MNA Lifestyle Desk: Coastal environments have been shown to improve our health, body and mind. In recent years, stressed-out urbanites have been seeking refuge in green spaces, for which the proven positive impacts on physical and mental health are often cited in arguments for more inner-city parks and accessible woodlands.
The benefits of “blue space” – the sea and coastline, but also rivers, lakes, canals, waterfalls, even fountains – are less well publicised, yet the science has been consistent for at least a decade: being by water is good for body and mind, reports Independent.
Proximity to water – especially the sea – is associated with many positive measures of physical and mental wellbeing, from higher levels of vitamin D to better social relations. “Many of the processes are exactly the same as with green space – with some added benefits,” says Dr Mathew White, a senior lecturer at the University of Exeter and an environmental psychologist with BlueHealth, a programme researching the health and wellbeing benefits of blue space across 18 (mostly European) countries.
An extensive 2018 study on happiness in natural environments – to White’s mind, “one of the best ever” – prompted 20,000 smartphone users to record their sense of wellbeing and their immediate environment at random intervals. Marine and coastal margins were found by some distance to be the happiest locations, with responses approximately six points higher than in a continuous urban environment.
Although living within 1km (0.6 miles) of the coast – and to a lesser extent, within 5km (3.1 miles) – has been associated with better general and mental health, it seems to be the propensity to visit that is key.
There are three established pathways by which the presence of water is positively related to health, wellbeing and happiness. First, there are the beneficial environmental factors typical of aquatic environments, such as less polluted air and more sunlight. Second, people who live by water tend to be more physically active – not just with water sports, but walking and cycling.

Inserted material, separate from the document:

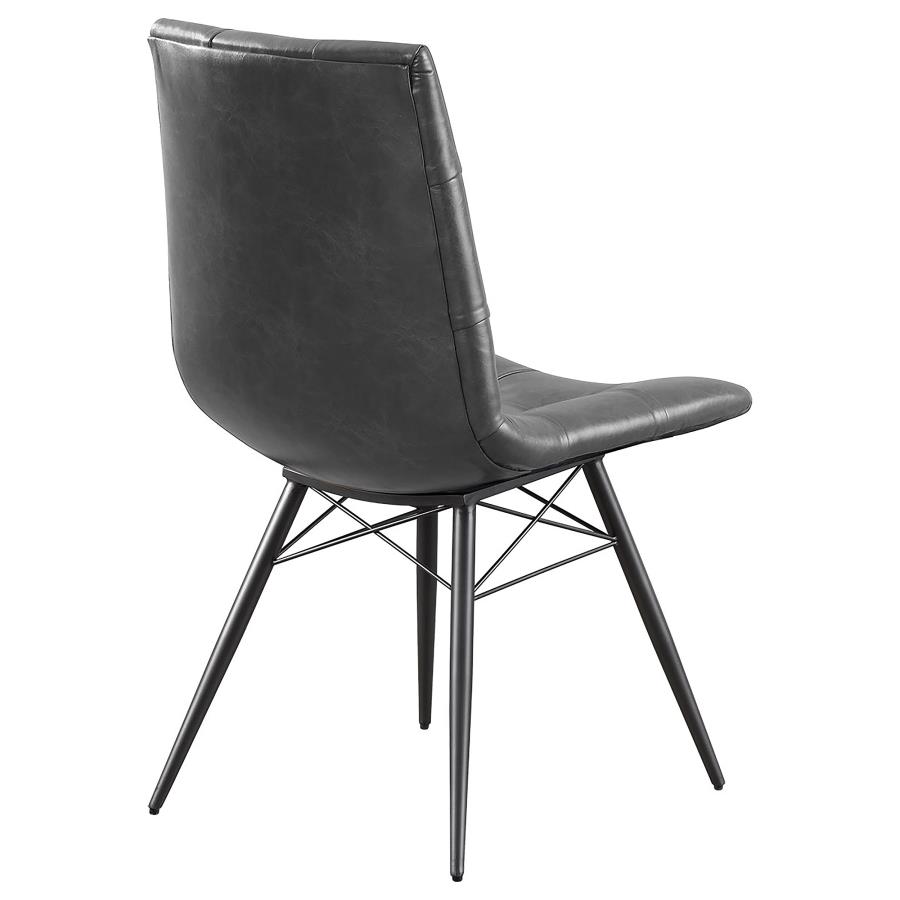 Aiken Faux Leather Upholstered Dining Side Chair Charcoal Grey (Set of 4)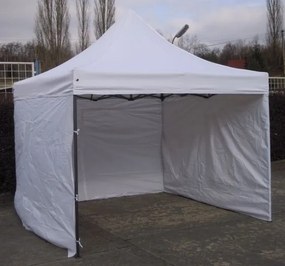 Cort de grădină foarfecă DELUXE+pereți laterali - 3x3m alb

Third – and this is where blue space seems to have an edge over other natural environments – water has a psychologically restorative effect. White says spending time in and around aquatic environments has consistently been shown to lead to significantly higher benefits, in inducing positive mood and reducing negative mood and stress, than green space does.
People of all socioeconomic groups go to the coast to spend quality time with friends and family. Dr Sian Rees, a marine scientist at the University of Plymouth, says the coastline is Britain’s “most socially levelling environment”, whereas forests tend to be accessed by high-income earners. “It’s not seen as being elite or a special place, it’s where we just go and have fun.
Even a fountain may do. A 2017 study (of which White was lead author) found that images of built environments containing water were generally rated just as positively as those of only green space; researchers suggested that the associated soundscape and the quality of light on water might be enough to have a restorative effect.
Although participants rated large bodies of water higher than other aquatic environments (and “swampy areas” were rated significantly less positively), the study suggested that any water is better than none – presenting opportunities for beneficial blue space to be designed or retrofitted. “You can’t change where the coast is, but when we’re talking about translating the benefits to other types of environments, there is nothing to stop a well-designed urban fountain,” says Elliott.
The coast does seem to be especially effective, however. White suggests this is due to the ebb and flow of the tides. He points out that rumination – focusing on negative thoughts about one’s distress – is an established factor in depression. “What we find is that spending time walking on the beach, there’s a transition towards thinking outwards towards the environment, thinking about those patterns – putting your life in perspective, if you like.”
When you are sailing, surfing or swimming, says White, “you’re really in tune with natural forces there – you have to understand the motion of the wind, the movement of the water”.
By being forced to concentrate on the qualities of the environment, we access a cognitive state honed over millennia. “We’re kind of getting back in touch with our historical heritage, cognitively.” Water is, quite literally, immersive.
As well as an academic, Kelly is a wellness practitioner who teaches classes in “mindfulness by the sea”. She says the sea has a meditative quality – whether it is crashing or still, or you are in the water or observing from the shore.
“You can immerse yourself in it, which you can’t really do with a green space. You’re present in that moment, you’re looking at something with intention, and whether that’s for two minutes or half an hour, it gives you the benefits in that moment.”